Слишком многое сегодня приключилось, слишком много воспоминаний всплыло из пучин памяти Фурсина. Воспрянуло то, о чём он, казалось, забыл навсегда.
Он снова сражался с помощью возлюбленного меча, снова побеждал… кровь бежала рекой, заодно со скверной проклятий и чужеродной магией. Сердце героя теперь бешено колотилось в груди, не способное уняться, хотя бы на чуток.
— Эй? – Фурсин тихо позвал соседа, обращаясь к духу Весенней горы. – Мне тоже жаль, что так получилось сегодня.
Фэй лежал в образцовой позе благородного мужа – вытянувшись точно по струнке вдоль тюфяка, с прямыми ногами и руками, сцепленными на животе, с головой, устремлённой к небесам, однако он не спал. Повернувшись и приняв более расслабленное положение, он посмотрел на Фурсина, и в глазах его отразилось медленно угасающее пламя костра.
— Наверное, ты впервые видел смерть, и не привык к подобному.
— Вовсе нет, – шёпотом ответил горный дух. – Там, откуда я родом, много смерти. В легендах Юна моя родина – это изобильный край пышных цветов и ярких красок, но в действительности Весенняя гора – весьма заунывное место, куда редко проникают лучи солнца. Там нет ни бурной растительности, ни щедрых фруктовых деревьев, зато имеются гигантские паутины и сухие кустарники.
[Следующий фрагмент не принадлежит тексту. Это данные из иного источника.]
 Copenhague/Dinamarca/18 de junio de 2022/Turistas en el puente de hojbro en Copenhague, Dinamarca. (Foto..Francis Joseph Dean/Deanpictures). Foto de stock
Но это мой дом, и он мне по душе. Как и везде на природе, там часто случаются болезни и смерти, но… никогда смерть ещё не была столь бессмысленной и уродливой, как сегодня.
— Бессмысленной? – нахмурившись переспросил Фурсин.
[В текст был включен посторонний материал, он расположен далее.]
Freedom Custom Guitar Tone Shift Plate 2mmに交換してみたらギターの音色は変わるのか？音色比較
— Ну, да. Смерть – это закономерное завершение жизни, в конце концов. И начало новой. Однако здесь всё ощущалось как-то… по-иному, что ли.
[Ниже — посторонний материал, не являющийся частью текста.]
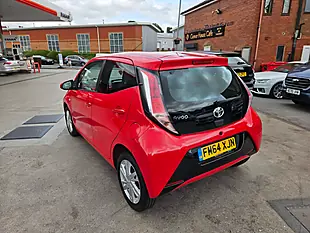 Used 2015 Toyota Aygo X-Pression Red - Interior and Exterior details 4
Хмыкнув, герой решил прервать разговор. Он пожалел о затеянном и отвернулся в сторону, но неугомонные пальцы его так и не обрели покой, они продолжали плести из кожаного шнурка какую-то поделку.
— Ты поэтому не хочешь проходить последнее испытание? – неожиданно резко спросил Фэй. – Не желаешь, чтобы былые воспоминания вернулись, ибо они чересчур болезненны?
Фурсин, удивлённо раскрыв рот, повернулся назад, обращая лицо к духу Весенней горы.
— Ты ведь знаешь, что когда пройдёшь испытание и станешь настоящим богом, то несмотря на возвращение всех воспоминаний в полной мере, ты не будешь чувствовать с ними должной связи? Они не будут тяготить тебя, отнюдь.
— Слышал нечто подобное, – небрежно фыркнул герой. – Честно говоря, я просто не хочу снова поступать кому-то в услужение. Они говорят «бог», но на самом деле – это просто слуга, чей долг превыше всяческих дарованных благ. Я опять буду исполнять приказы вышестоящих господ, даже если они мне не по нраву… что в этом хорошего? Что это за награда?
Фурсин, прищурившись, уставился на ночные небеса, испещрённые яркими, блестящими звёздами. Он всю человеческую жизнь провёл таким вот образом – действовал согласно чужой воле, слушался и преклонял колени, не задавал вопросов. Лишь во времена Великой Сечи на поле брани у него была свобода – свобода умереть за «государство и за отчизну», а по факту, – просто за амбиции царей и королей, или свобода погибнуть ради чего-то большего, совершить героический поступок, превосходящий сущность обычного человека и поражающий размахом даже небо. Фурсин сумел узреть во всех скорбных положениях и плачевных ситуациях свою выгоду – наконец он мог распоряжаться собственной судьбой, и потому прослыл непобедимым воином, истинным мастером меча. Он никогда не боялся смерти, потому что только смерть принесла ему избавление от ярма. Как сразить такую силу?
Ныне же всё будто вернулось на круги своя… и он опять – скучный и унылый почитатель чужого великолепия, коленопреклонный и раболепствующий.